Data listing section start

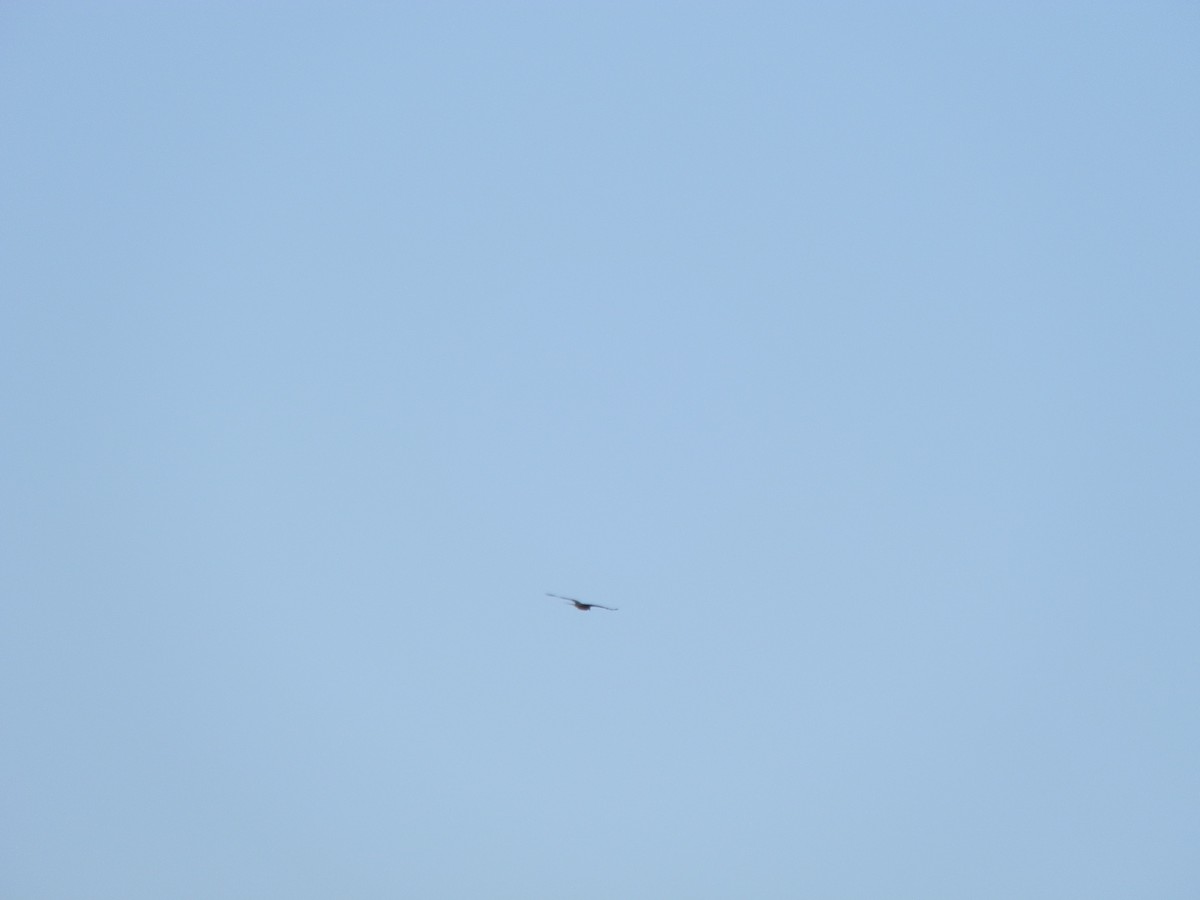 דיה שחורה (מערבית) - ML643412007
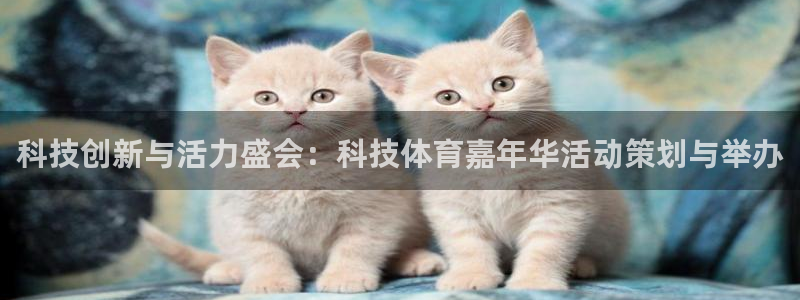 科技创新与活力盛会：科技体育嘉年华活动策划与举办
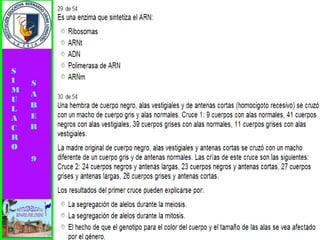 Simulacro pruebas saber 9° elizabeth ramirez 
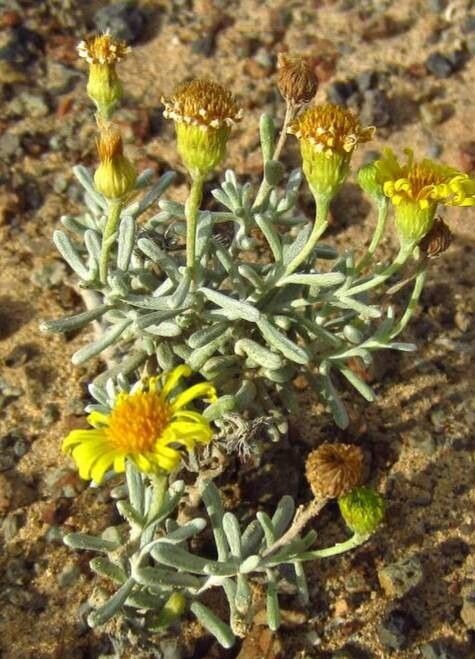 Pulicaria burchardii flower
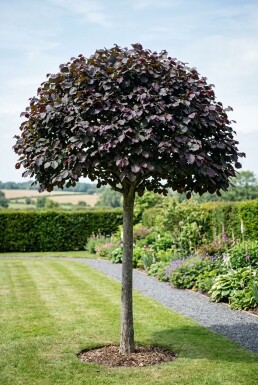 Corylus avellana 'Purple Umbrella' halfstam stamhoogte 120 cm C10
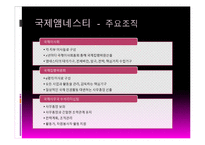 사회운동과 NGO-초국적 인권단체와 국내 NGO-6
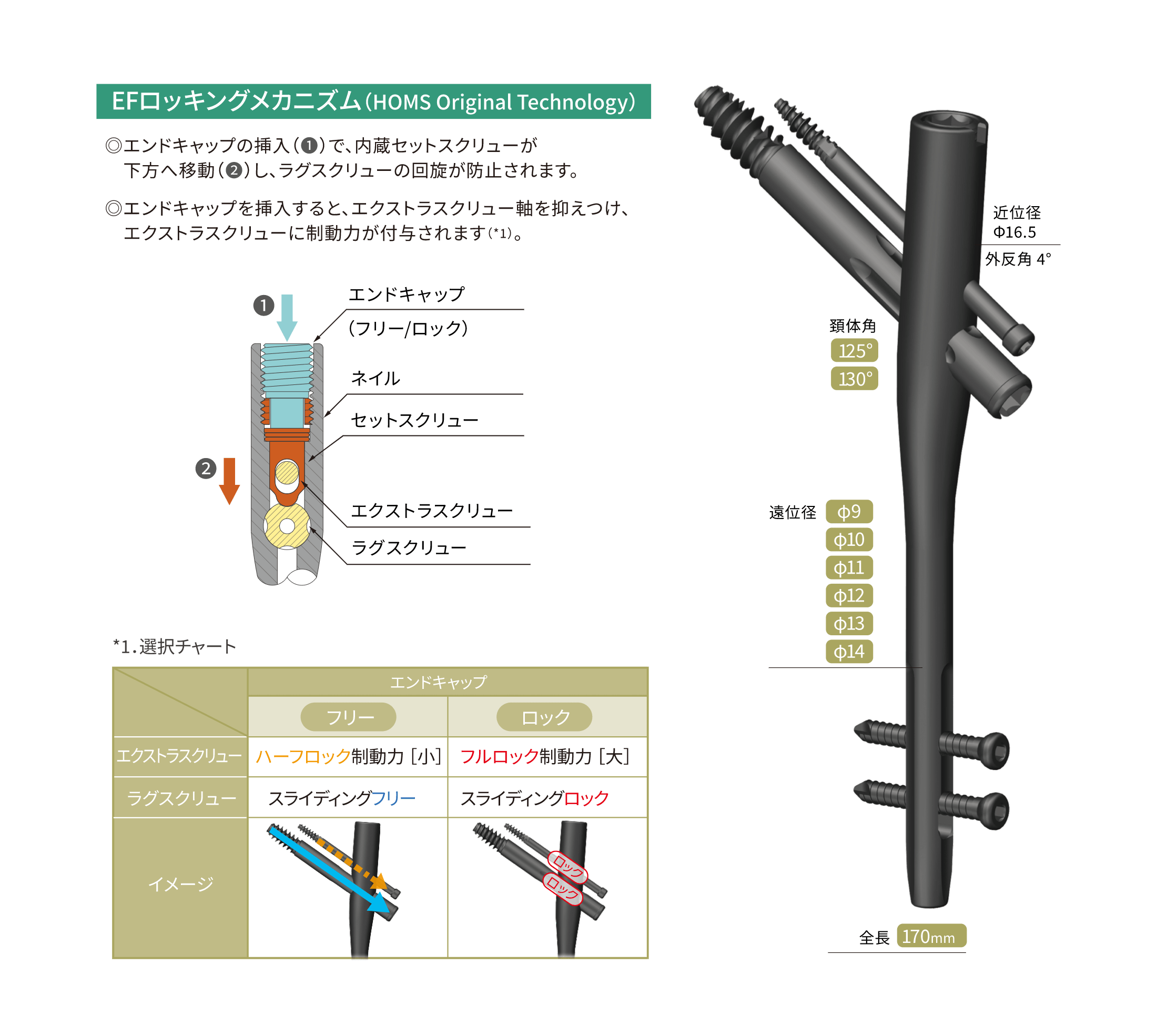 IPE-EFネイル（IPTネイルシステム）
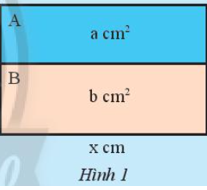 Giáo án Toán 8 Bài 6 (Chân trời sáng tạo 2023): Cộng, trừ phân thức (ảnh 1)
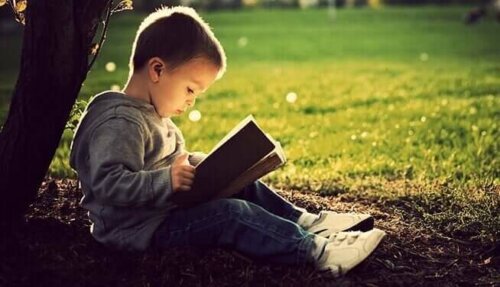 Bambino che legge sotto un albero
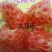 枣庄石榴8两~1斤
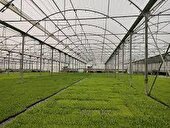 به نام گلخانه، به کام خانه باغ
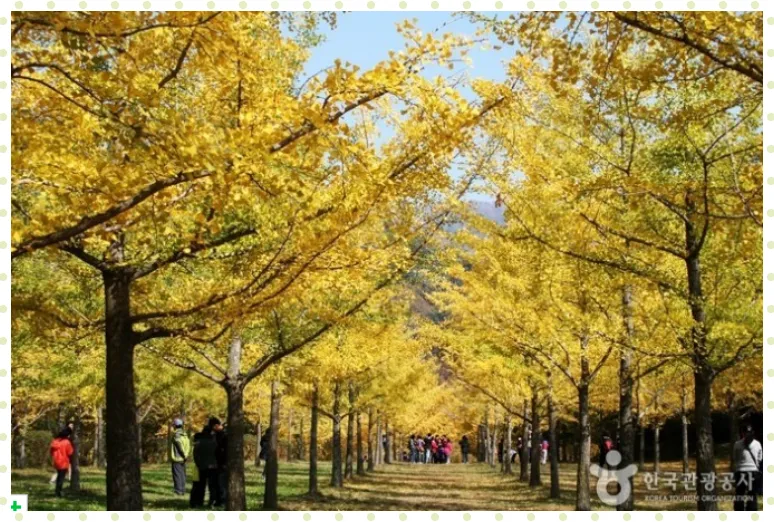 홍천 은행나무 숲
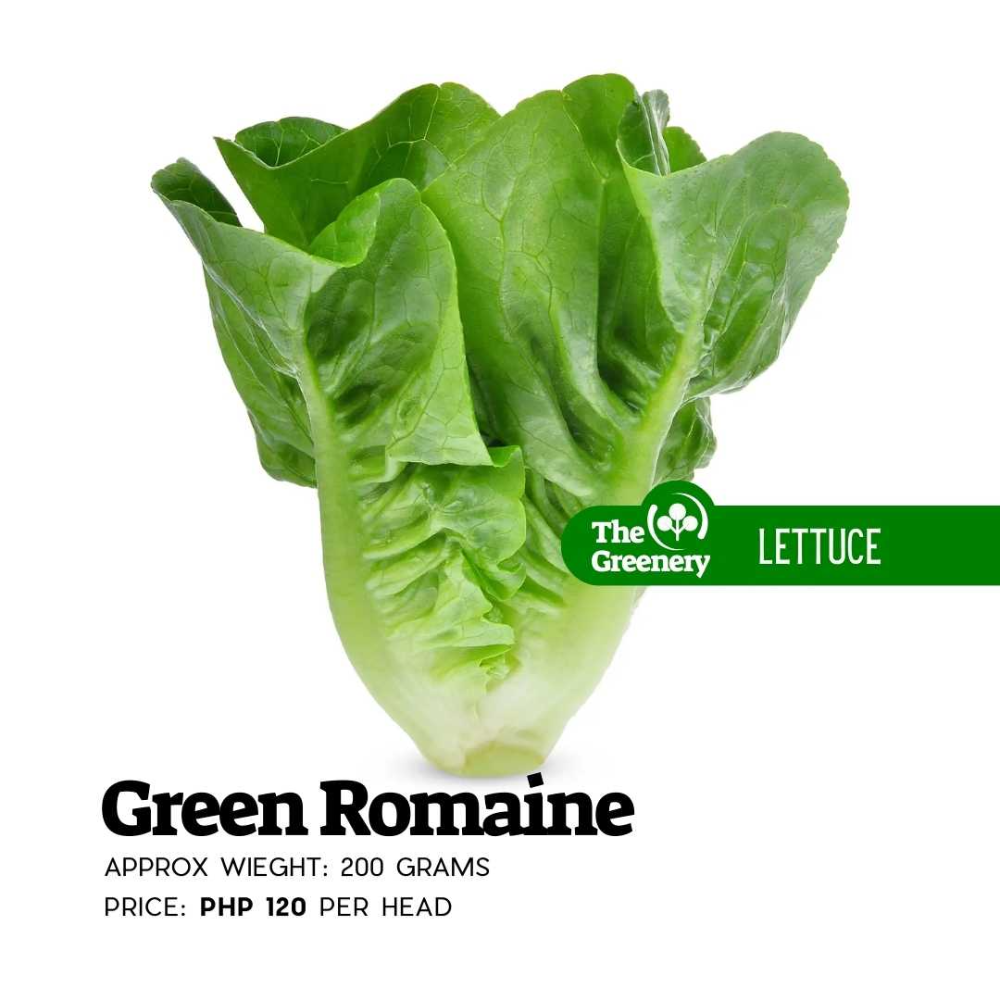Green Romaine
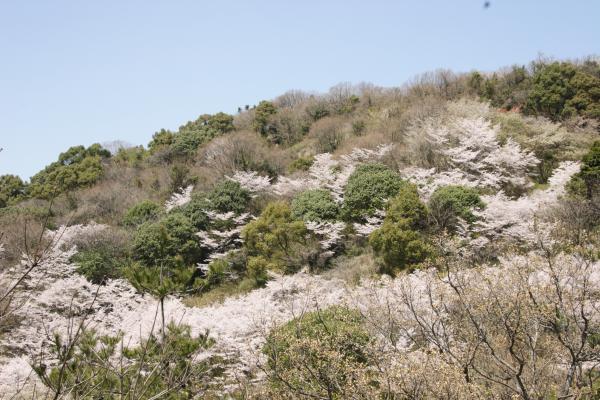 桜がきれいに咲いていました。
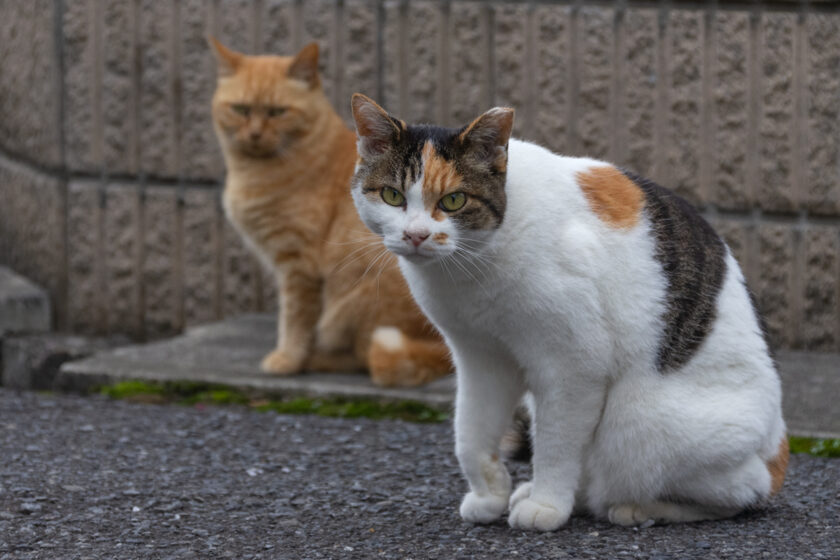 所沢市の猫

Data listing section end

= Requirement =
I would like an exact copy of the lines from the one holding "Corylus avellana 'Purple" through the last line of the entries above, with the pictures left out.

= Finished task =
 Corylus avellana 'Purple Umbrella' halfstam stamhoogte 120 cm C10
 사회운동과 NGO-초국적 인권단체와 국내 NGO-6
 IPE-EFネイル（IPTネイルシステム）
 Giáo án Toán 8 Bài 6 (Chân trời sáng tạo 2023): Cộng, trừ phân thức (ảnh 1)
 Bambino che legge sotto un albero
 枣庄石榴8两~1斤
 به نام گلخانه، به کام خانه باغ
 홍천 은행나무 숲
Green Romaine
 桜がきれいに咲いていました。
 所沢市の猫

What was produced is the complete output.